» GIVEN DATA
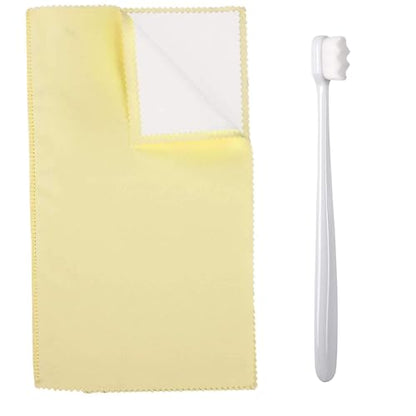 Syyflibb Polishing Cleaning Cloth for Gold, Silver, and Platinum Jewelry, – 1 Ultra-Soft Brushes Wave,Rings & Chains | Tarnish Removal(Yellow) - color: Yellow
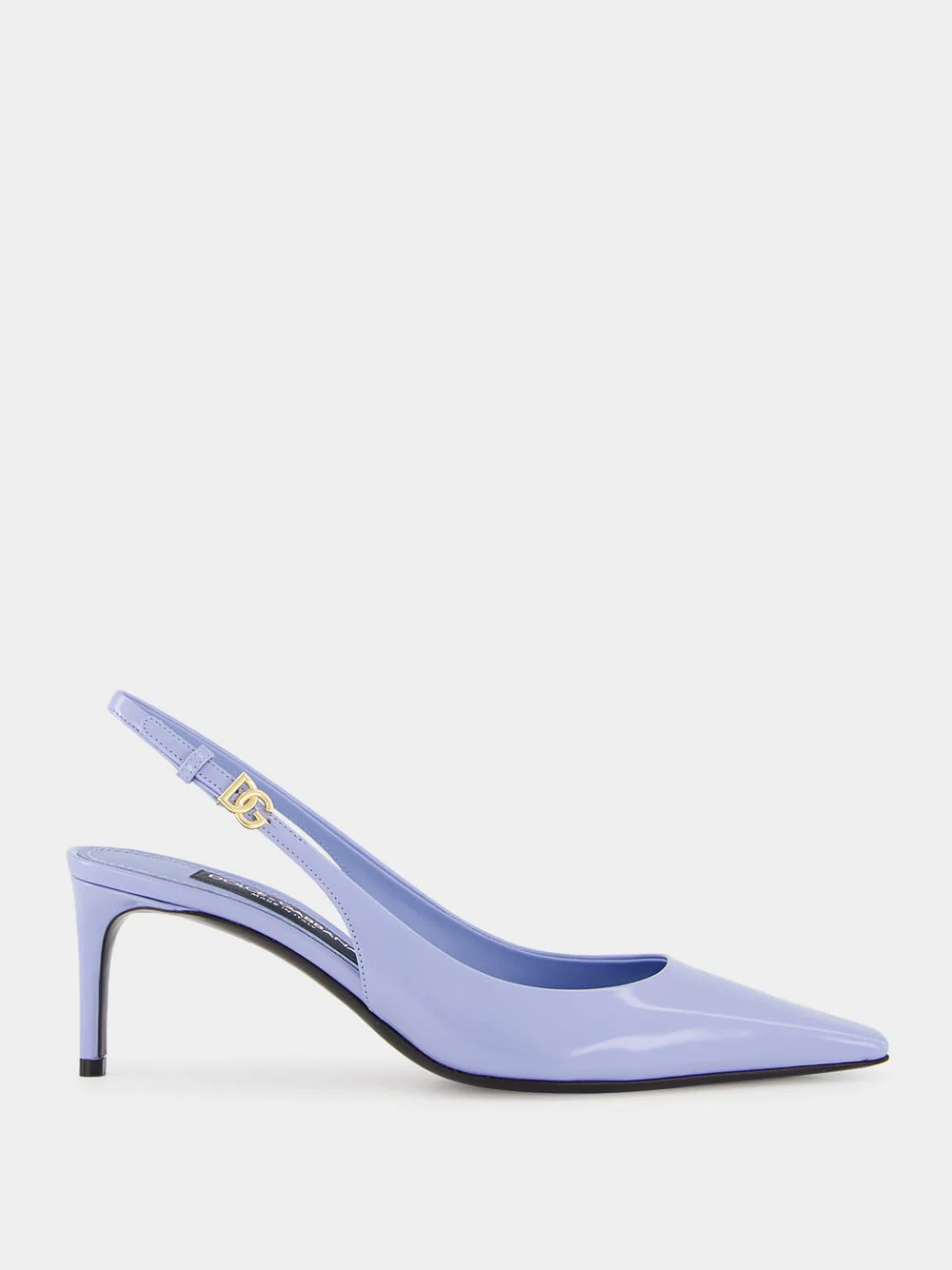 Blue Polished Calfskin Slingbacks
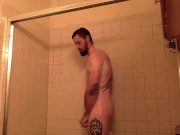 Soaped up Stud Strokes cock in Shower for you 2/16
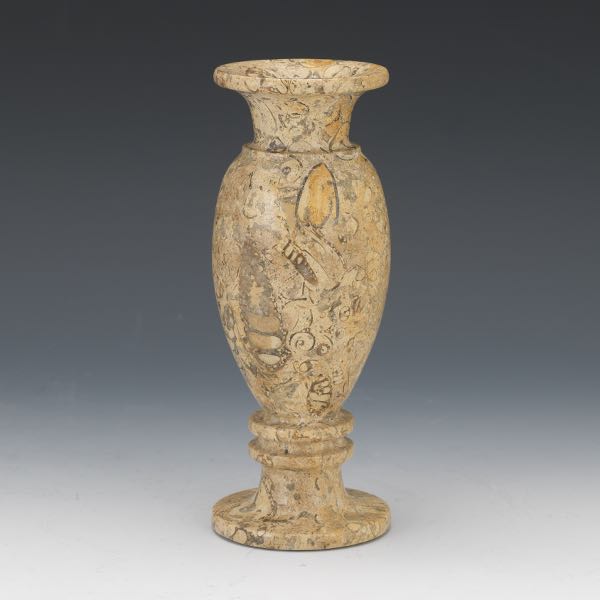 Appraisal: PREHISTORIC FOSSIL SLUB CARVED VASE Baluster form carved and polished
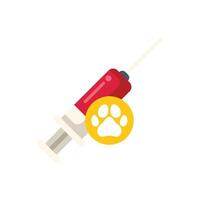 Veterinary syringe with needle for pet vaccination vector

» TASK INSTRUCTIONS
Copy the final portion of the records: every line from the one containing "Soaped up Stud" through the last, word for word, without pictures.

» OUTPUT FOR THIS TASK
 Soaped up Stud Strokes cock in Shower for you 2/16
 Appraisal: PREHISTORIC FOSSIL SLUB CARVED VASE Baluster form carved and polished
 Veterinary syringe with needle for pet vaccination vector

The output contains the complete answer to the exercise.